I think outsourcing is a lot older. Didn't the Romans outsource and even offshore soldiery and war?
But here is his view on the current hype surrounding outsourcing to cut costs in the public sector. He also gives advice about how organisations can avoid some of the pitfalls of outsourcing.
By Ferenc Szelenyi
"Although outsourcing has gotten a lot of press recently due to the Government looking into various ways to cut the national deficit, it's hardly a new phenomenon. More than a century ago, industrialisation gave rise to specialisation and the practice of companies working for each other. The trend abated briefly when Alfred Sloan developed the famed vertically integrated organisation of General Motors, but by the 1950s, competitive pressures had again driven companies to send work beyond their walls."
"Today, given the economic times we live in and relentless demand by customers for getting more for less, it's certain that work will increasingly be outsourced to partners around the corner and around the world. As various studies and decades of actual experience have shown, the value added through outsourcing not only benefits the outsourcing provider and customer, but the economy as a whole. Global sourcing is not a zero-sum game.
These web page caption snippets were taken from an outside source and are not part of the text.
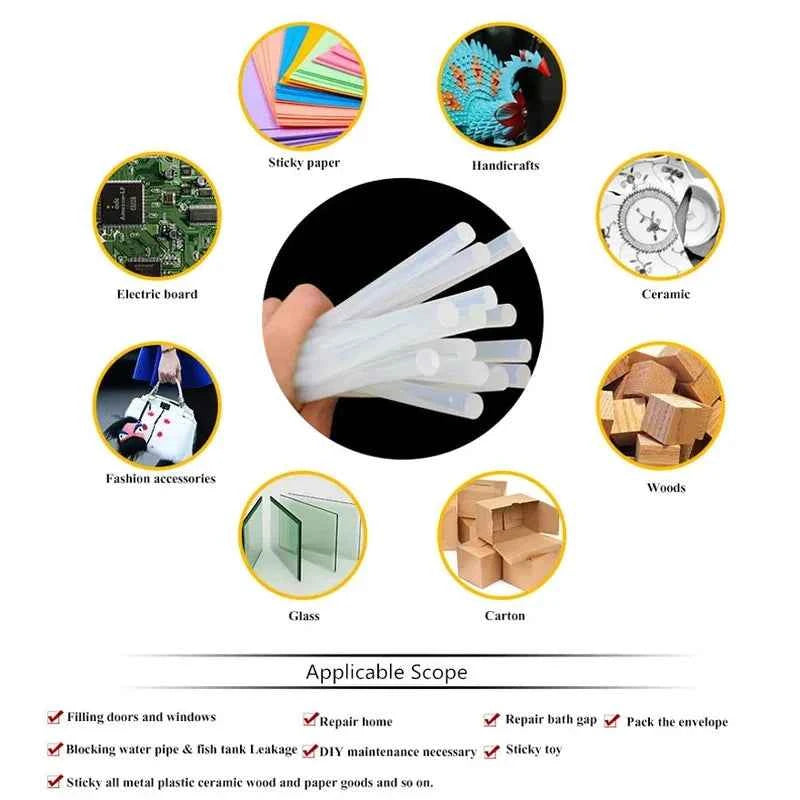 10pcs/Set  7mm/11mmx200mm Clear Transparent Glue Stick Craft Hand Repair Tool Hot Melt Glue Sticks for Gun DIY Art Alloy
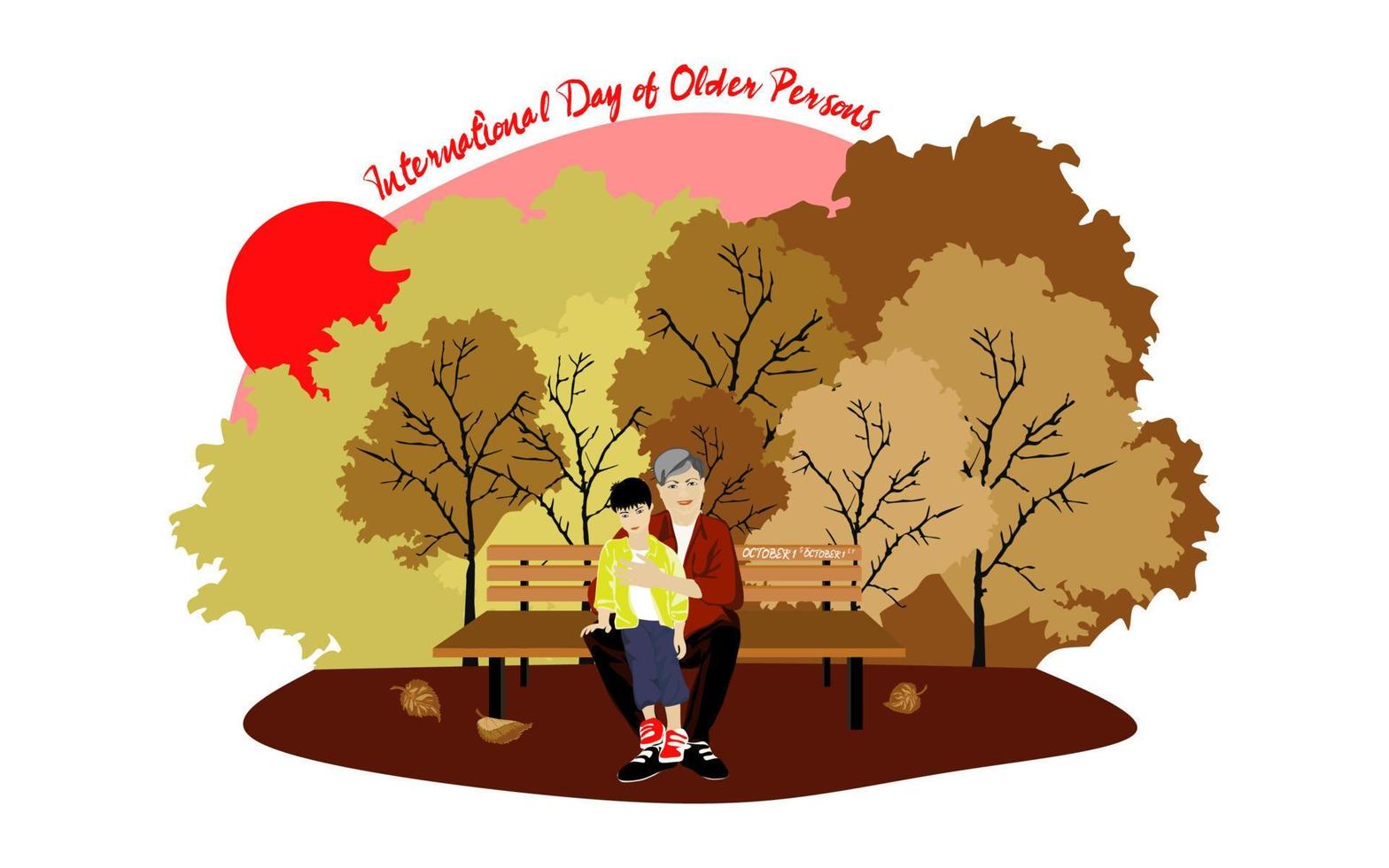 International day of older persons vector illustration. Asian elderly man. Happy and smiling elderly man is sitting on a bench with his grandson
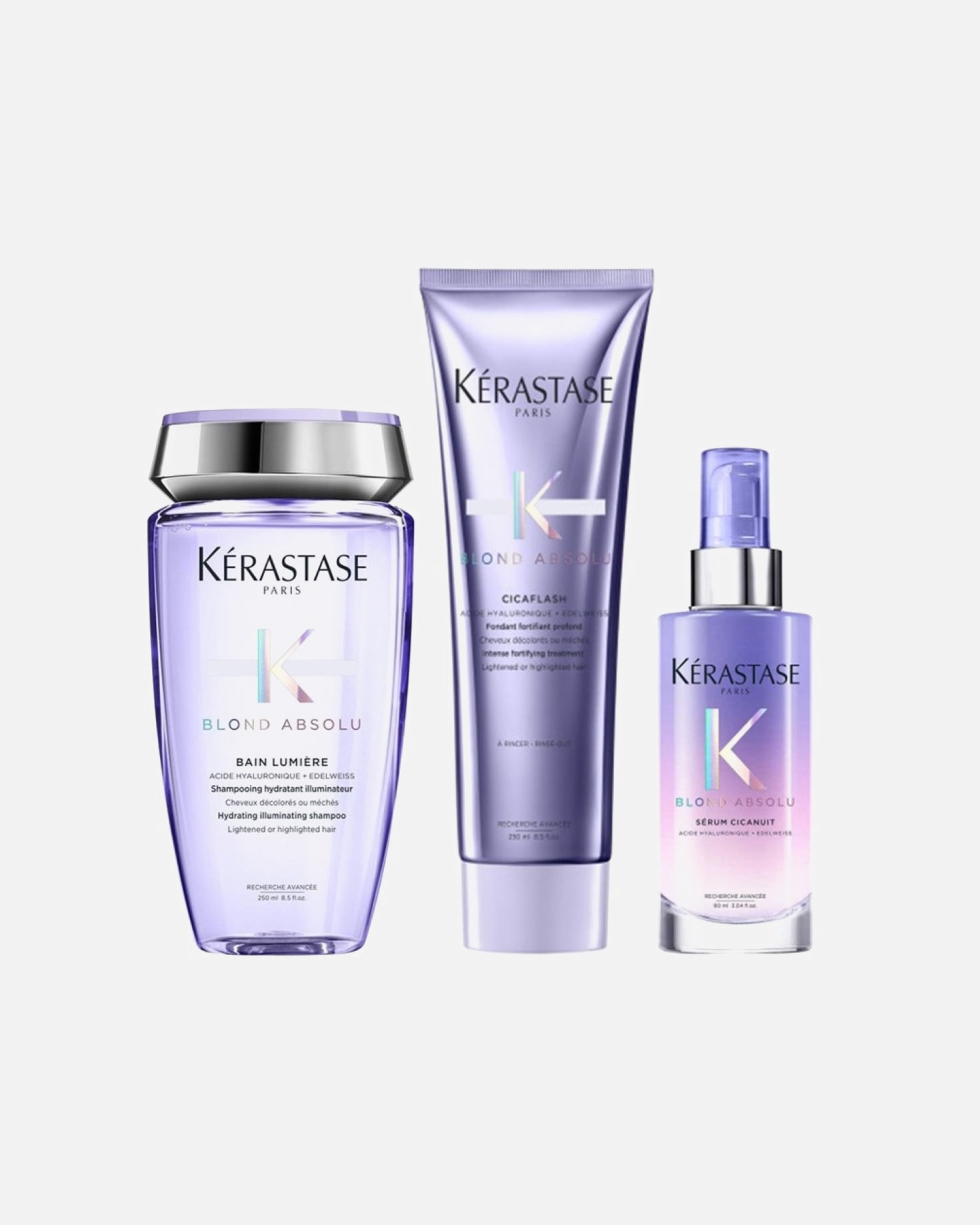 Haarpflegeset für Weiblich Kérastase Blond Absolu L 3er Set (Bain Lumière / Cicaflash / Cicanuit) 1 Stück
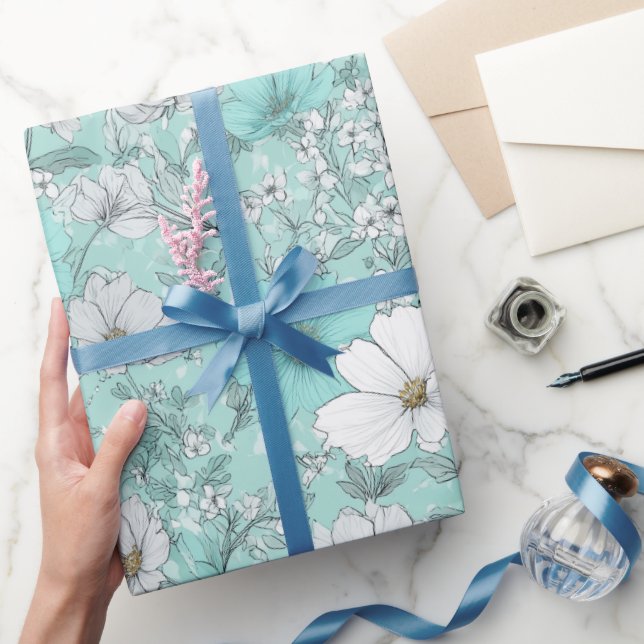 Ömtålig Pastell Vildblomma Mint Blommönster Presentpapper (Gifting)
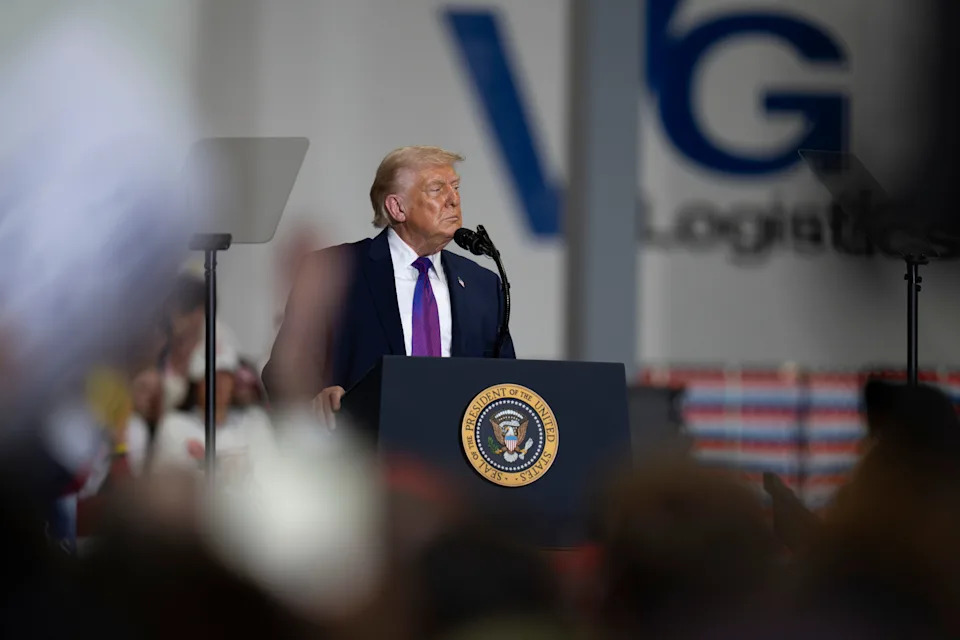 President Donald Trump speaks at a political rally held at Verst Group Logistics in Hebron, Kentucky, on Wednesday, March 11, 2026.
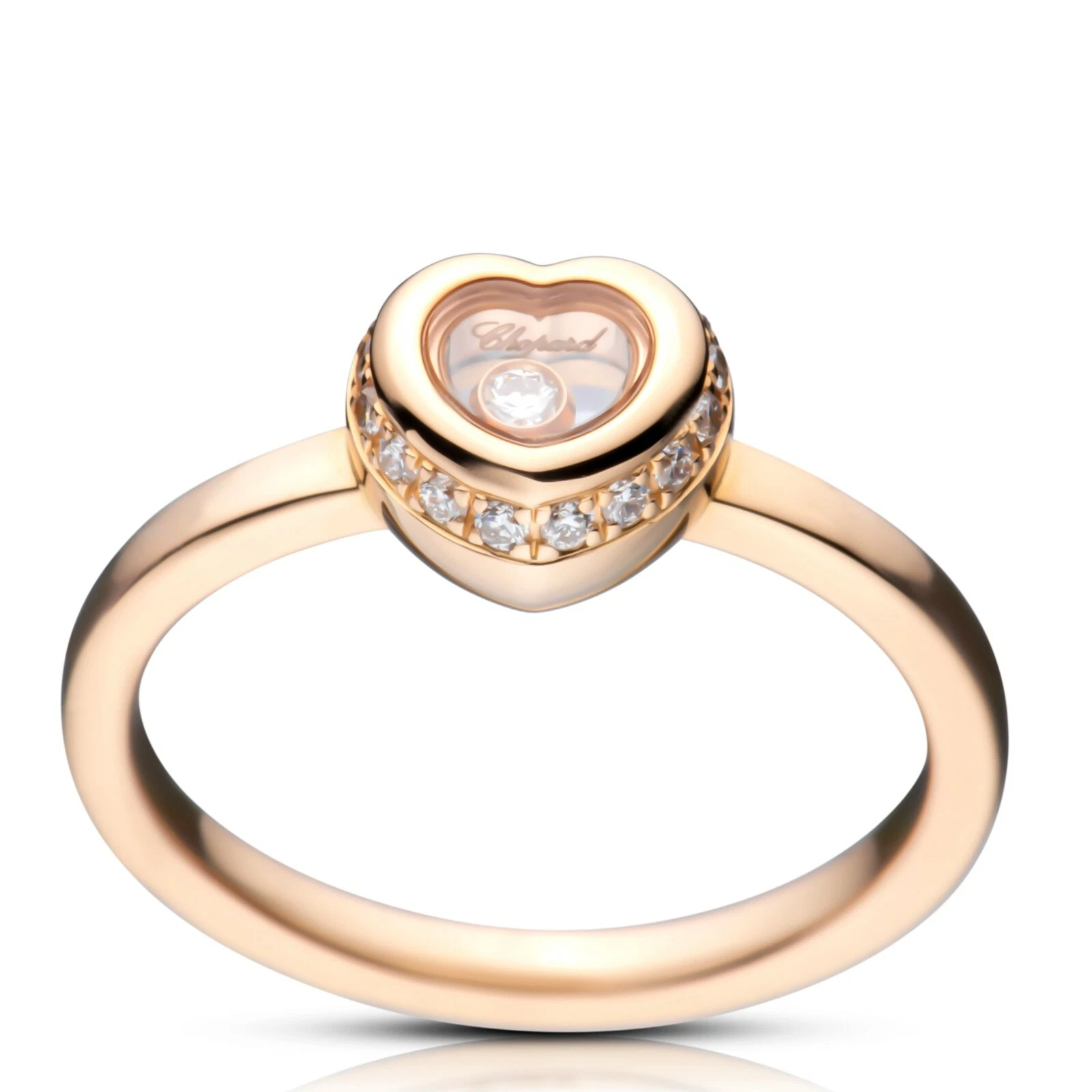 Chopard — Anillo De Corazón Chopard Miss Happy De Oro Rosa Y Diamantes 829008 Nuevo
However, as smart a business move as outsourcing usually is, effectively managing the workflow is tricky, since a company's knowledge accompanies its work--often to another shore. Executives need to avoid common pitfalls to ensure that their outsourcing relationships deliver maximum value. I call them the seven deadly sins of outsourcing relationships."
The seven deadly sins of outsourcing relationships and how to avoid them, according to Ferenc Szelenyi
1. Launching an outsourcing relationship without understanding the core competencies versus the work that can most effectively be outsourced.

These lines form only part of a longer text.